Il y a eu d’autres résistants, d’autres consciences en alerte. La Pologne a décidé d’honorer cette année la mémoire de Jan Karski (Jan Kozielewski de son vrai nom), citoyen d’honneur d’Israël, Juste parmi les nations.
Il n’y a pas de hasards, il y a des signes.
Un ancien conseiller du président américain Jimmy Carter déclarait le 8 janvier dernier au parlement européen, à l’occasion d’un séminaire-hommage au résistant catholique : « La leçon contemporaine que nous a léguée Jan Karski nous enseigne … qu’il faut toujours faire preuve de courage et de responsabilité chaque fois que nous sommes face à l’injustice… Combat qui est loin d’être terminé … Il y a encore beaucoup de travail à faire ».

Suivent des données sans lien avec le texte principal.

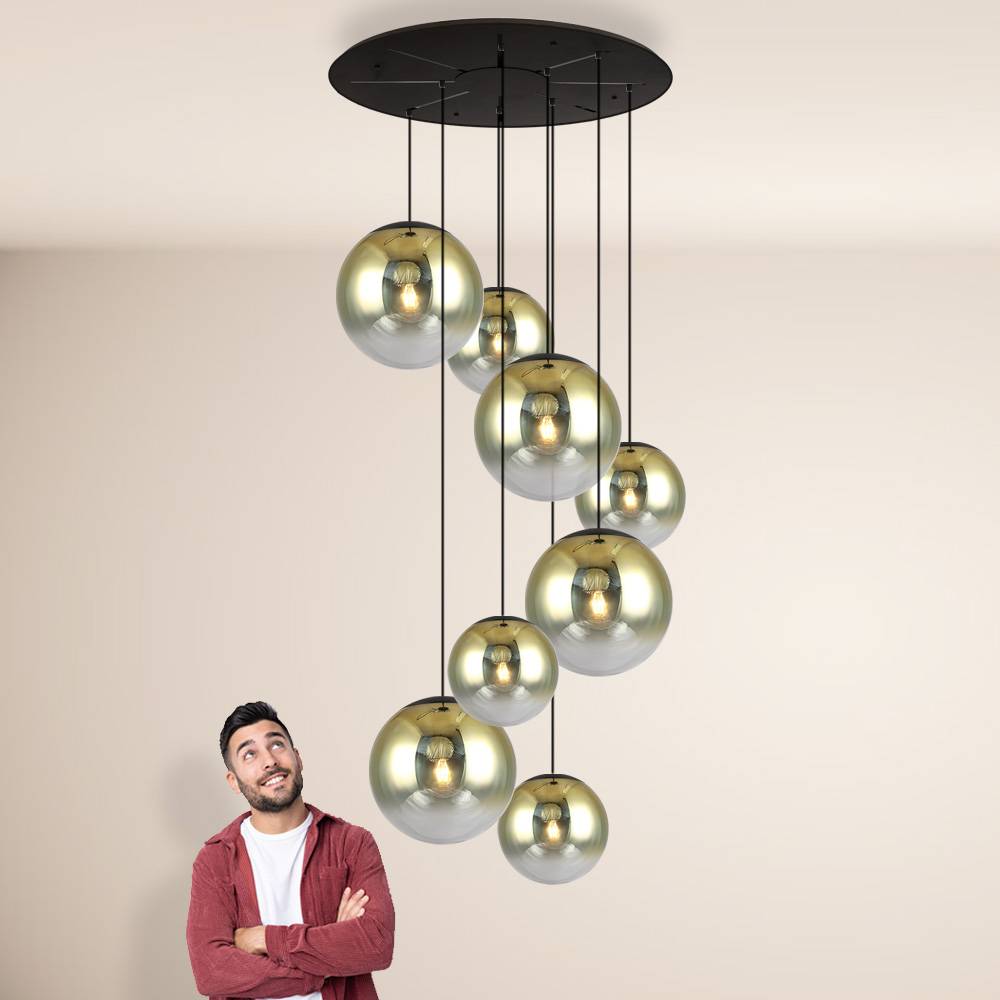 S.Luce s.luce Progress XL Galerieleuchte 8-flammig mit Modular Baldachin Sonderangebot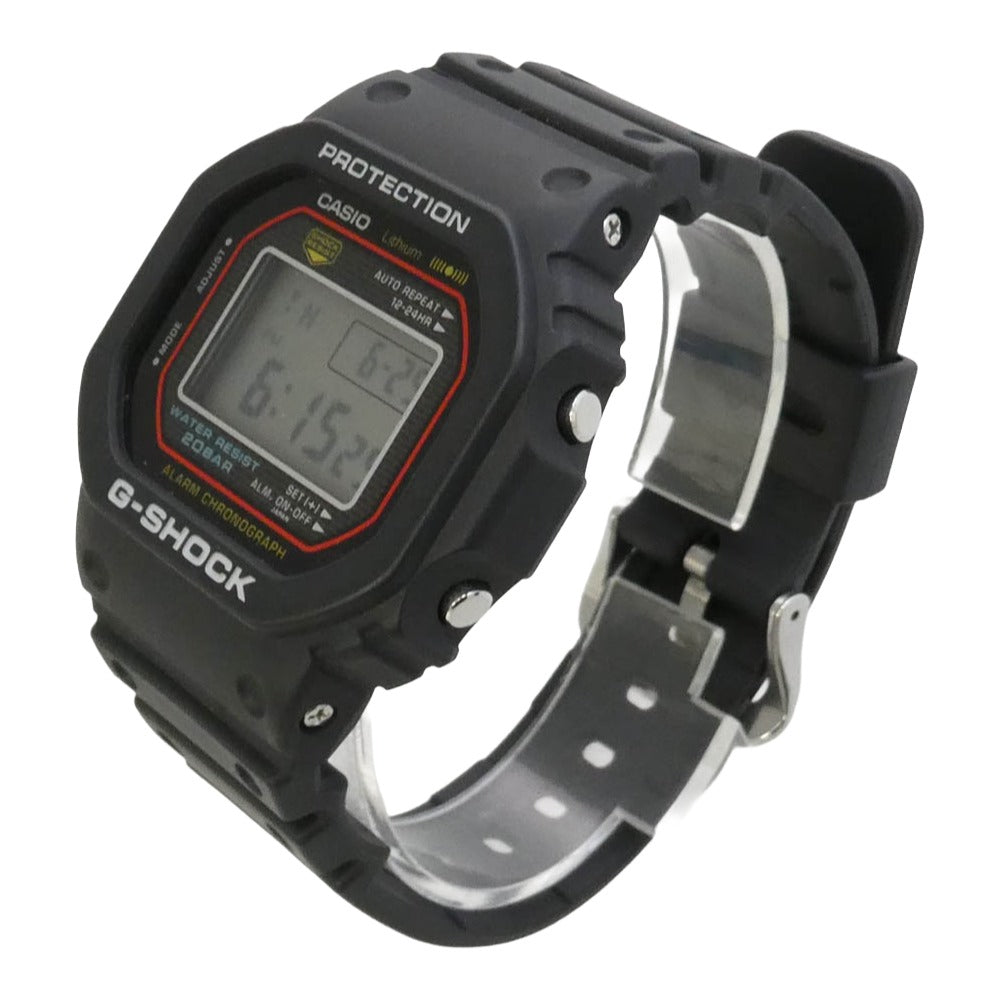 CASIO G-SHOCK カシオ ジーショック DW-5000R-1AJF G-SHOCK ジーショック 初代復刻モデル デジタル 腕時計 ウォッチ ブラック系【中古】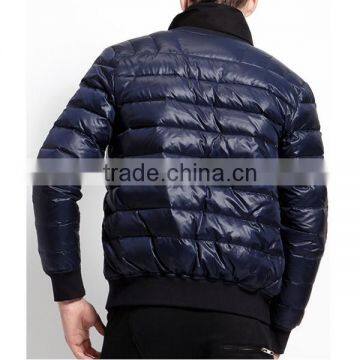 2015 Luxury Down Jacket With Fur Sleeve Opening Down Jacket Men's 100%polyester Down Jacket Coat photo-6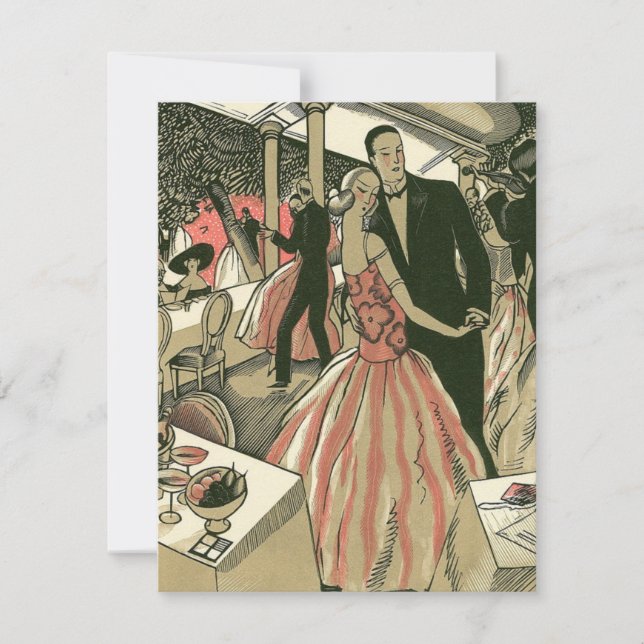 Vintage Art Deco Bröllop, Newlyweds First Dance (Framsida)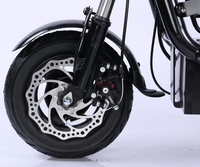 Vente directe d'usine, scooter électrique à trois roues de haute qualité, pneus larges, 800W, pliable, moteur, voyage pour adultes
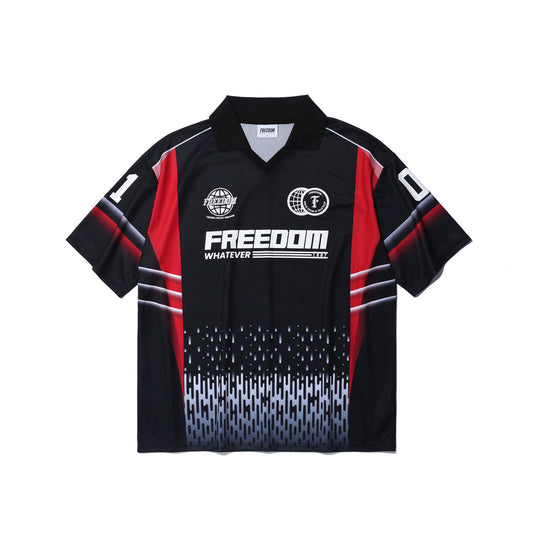 Racing Piket T-Shirt (Black)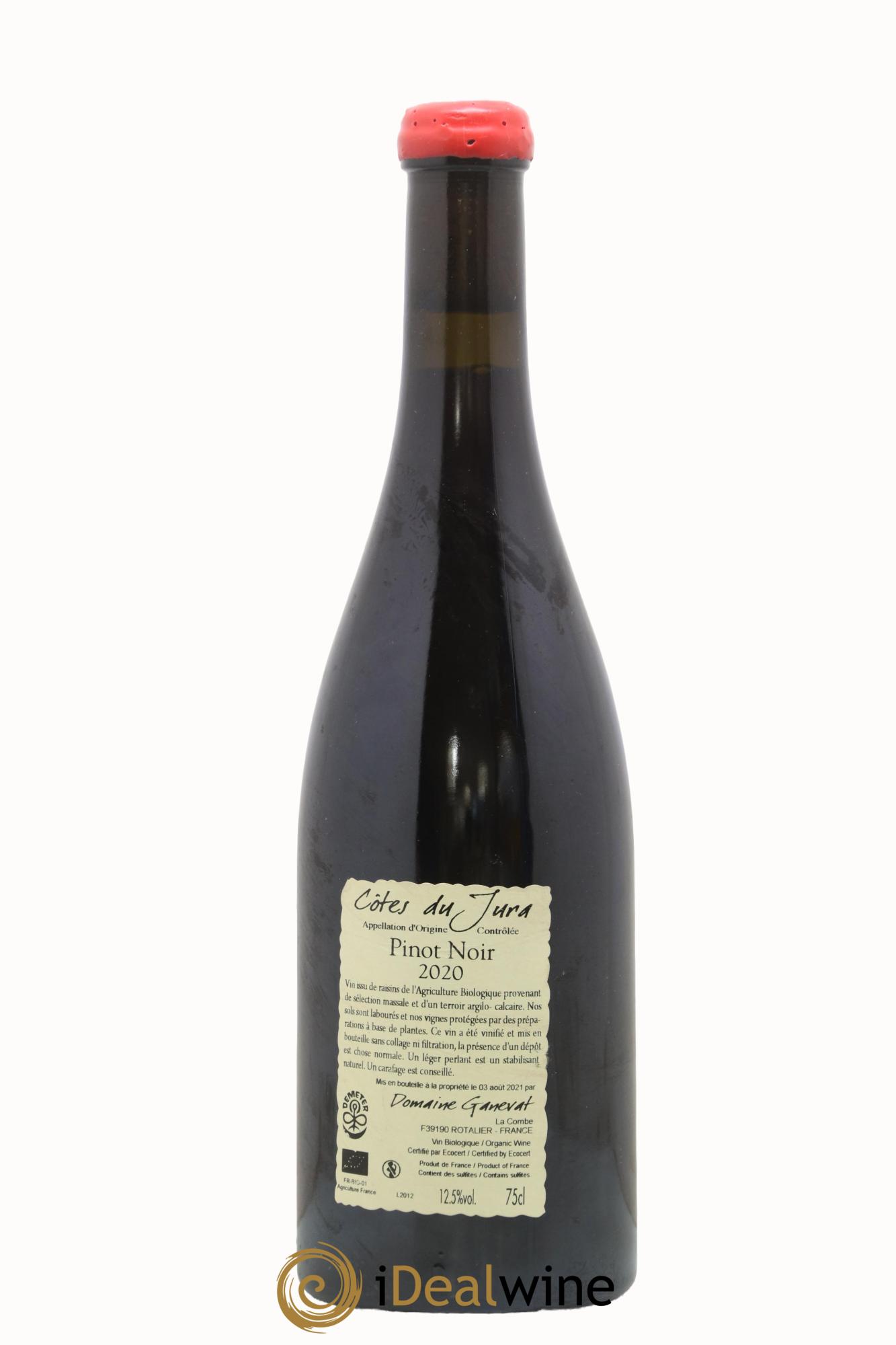 Côtes du Jura Cuvée Julien Jean-François Ganevat (Domaine) 2020 - Lot of 1 bottle - 1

Le quotidien israélien Haaretz a rappelé récemment (article de Roman Frister du 12 décembre 2013) que Karski, prisonnier des Soviétiques en 1939, avait réussi à s’évader puis à entrer dans la résistance polonaise et, à ce titre, parvint à développer un réseau de renseignement en liaison avec son gouvernement exilé en France puis à Londres. De nouveau arrêté par la Gestapo en Slovaquie en 1942, il s’échappa encore et entra dans le bureau d’information et de propagande de l’Armia Krajowa (AK), la plus importante organisation de résistance intérieure pendant la seconde guerre mondiale.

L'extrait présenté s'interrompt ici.